Hamsun'un Açlık'ında kahramanı, 19. yüzyılda yaşayan aristokrat bir züppenin stresli ve gergin bir sefile dönüşmüş hali ile tanımlamak uygun olur sanırım. Kahraman isimsiz olduğu için ben ona "şehri gözlemleyen kuş" ismini yakıştırdım.
Açlık' ta aç ve evsiz bir yazarın hayatta kalma mücadelesini okuyoruz. Paranoyak ve umutlu kişilik arasında gidip gelen bir adam...
Hayatta kalması, paraya, kapitalist düzen ürünü olan ticarete, geliri de yazma becerisine bağlıdır. Ama yazılarını gazetelere kabul ettirememesi ile maruz kaldığı açlık ve barınma ihtiyacı sağlıklı düşünceler beslemesini zorlaştırıyor. Yaşadığı bunalımla ilgili eleştirilerini toplumsal düzen yerine ilahi dünya düzenine yüklüyor.
İlk başta çalışmaları kabul ediliyor. Bu gelişme birkaç günlük konaklama için ona yeterli para ve bir süre toparlanma fırsatı veriyor. Ama bir daha asla sokaklarda olduğundan daha umutlu yaşayamıyor ve böylece yeni bir sefalete hapsoluyor.
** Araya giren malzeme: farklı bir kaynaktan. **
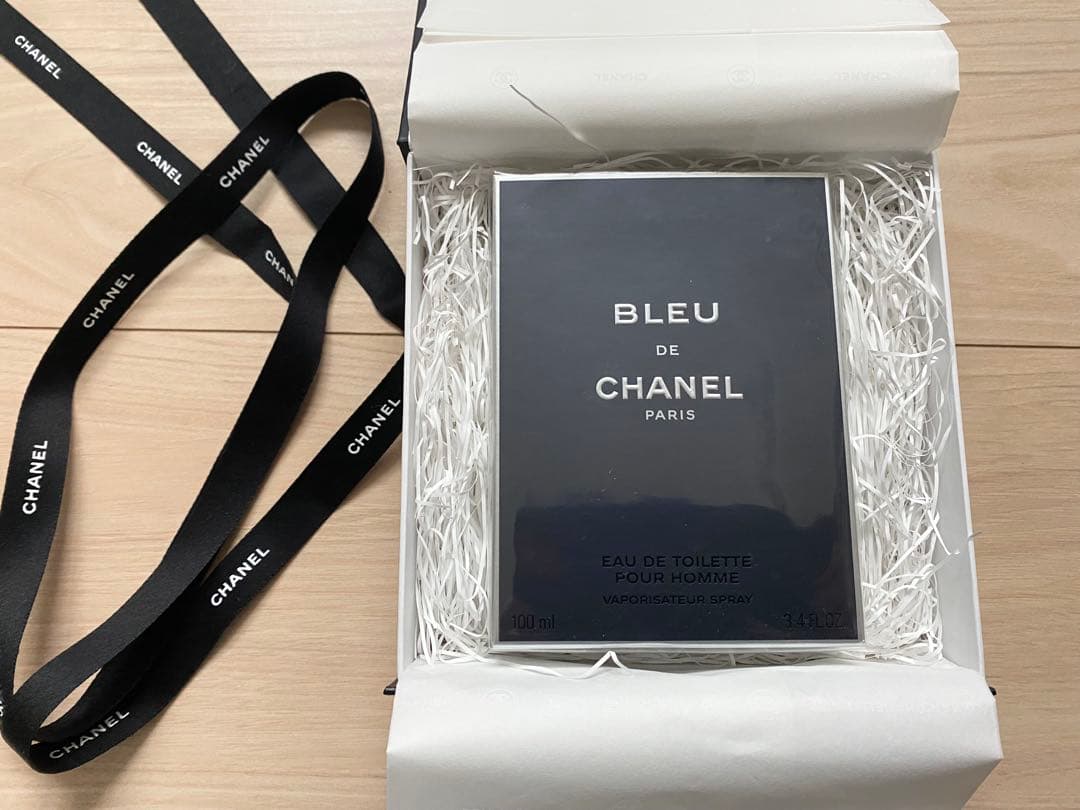 BLEU DE CHANEL オードトワレ 100ml ギフトボックス入り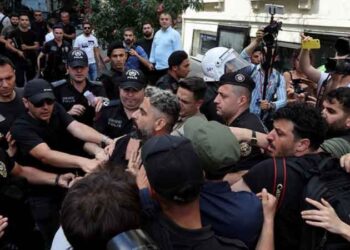 Onur Yürüyüşü’ne izin verilmedi, onlar kişi gözaltına alındı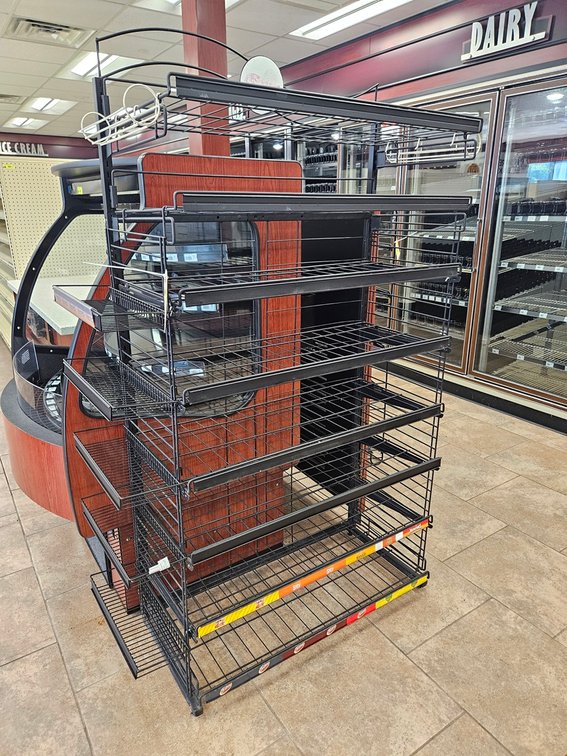 Metal 8 Tier Retail Shelf, 37"x17"x66"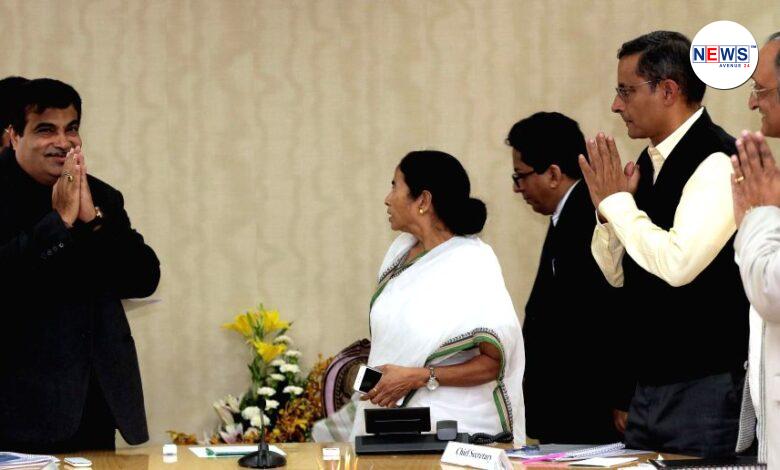 Mamata Banerjee calls on Union minister Nitin Gadkari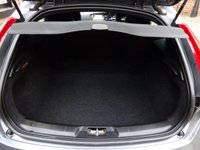 USED 2015 65 VOLVO V40 2.0 D4 R-Design Lux Nav Auto Euro 6 (s/s) 5dr (Drive Away Today)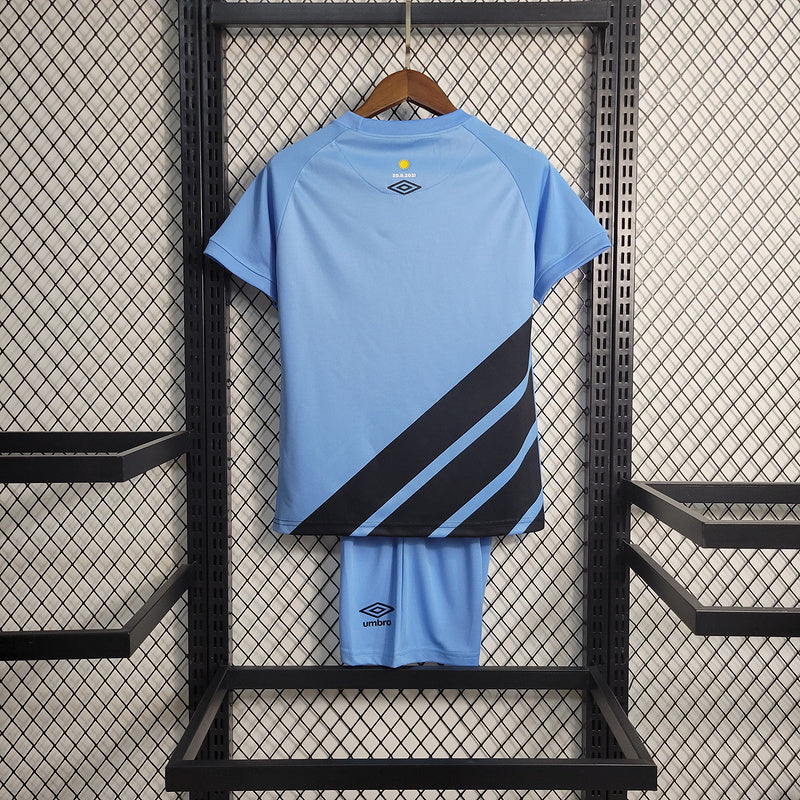 conjunto-infantil-shorts-camisa-camiseta-cap-athletico-paranaense-umbro-esportes-da-sorte-versao-versao-torcedor-23-24-away-third-fora-iii-terceira-3-azul-preto-preta_4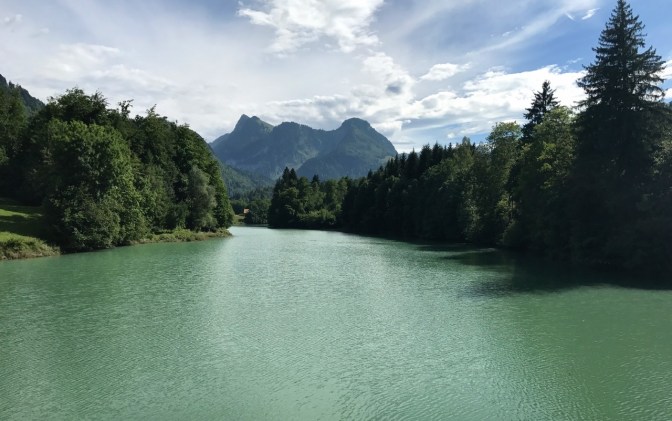 818FE0F1-759D-4FA7-BD89-87FF8B2D047D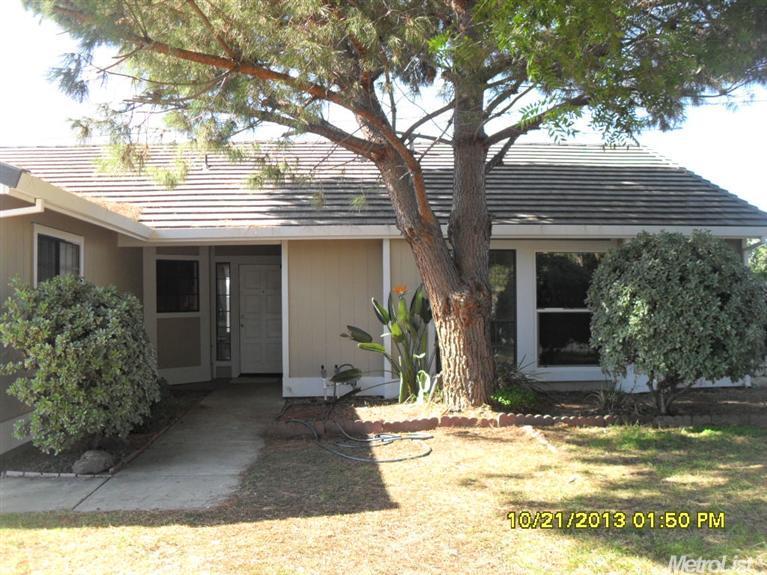 1637 Charlottesville, Ceres, CA 95307 photo 1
Hamsun'un zorluklar içinde sürmüş yaşamını okuyunca romanda yazılanlara "bir bilinç akışı" yorumunu getirmek hiç de yanlış olmaz. Yakından şahit olduğu sosyal adaletsizliği isimsiz kahraman üzerinden çok da güzel anlatmış bence.
açlık gibi sosyal olguların, bir insanın ruhuna olan etkilerini en iyi örnekleyen romanlardan. Hafızamki sembolü ise "battaniyeli adam" olarak kalacak.
kulzos kitap topluluğundan... -
nobel ödüllü norveçli yazar knut hamsun tarafından 1888 yılında yazılmış roman. bölümler boyunca işsiz güçsüz yoksul bir gencin açlıkla mücadelesini anlatır. öyle böyle bir açlık değil ama. kronik. okurken duvarları yiyesi geliyor insanın. -
bir knut hamsun romanı.
eğer yanılmıyorsam knut hamsun'ın nazileri desteklemesi üzerine norveçliler teker teker gelip bu romanı knut hamsun'ın evinin önüne bırakıp sessiz bir protesto yapmışlardır.
bir yazar olsam ve böyle bir protestoya maruz kalsam çok kötü hissederdim açıkçası. "eee banane? kitabın parasını vermişler." diyemez bir yazar kolay kolay. -
nobel ödüllü Norveçli yazar knut hamsun'un en ünlü romanı. Roman aynı zamanda knut hamsun'un hayatından izler taşıması sebebiyle otobiyografik bir özelliğe de sahiptir. Okurken şahsen beni en çok etkileyen de bu gerçek yönü oldu.
-- spoiler --
romanda, parasızlıktan günlerce aç kalan, ormanda sabahlayan, yavaş yavaş gururunu kaybetmeye ve kendini bir dilenci gibi hissetmeye başlayan bir yazarın hayatından kısa bir kesit anlatılıyor. Yazarın günlerce aç gezip açlıktan çıldırmaya başlaması, buna rağmen gururunu korumaya çalışıp emanet battaniyeyi rehinciye vermemeye çalışması ve bu süreçte yaşadığı çatışmalar okuyucuyu da çıldırtıyor. insanın tüm iştahı kaçıyor bu romanı okurken.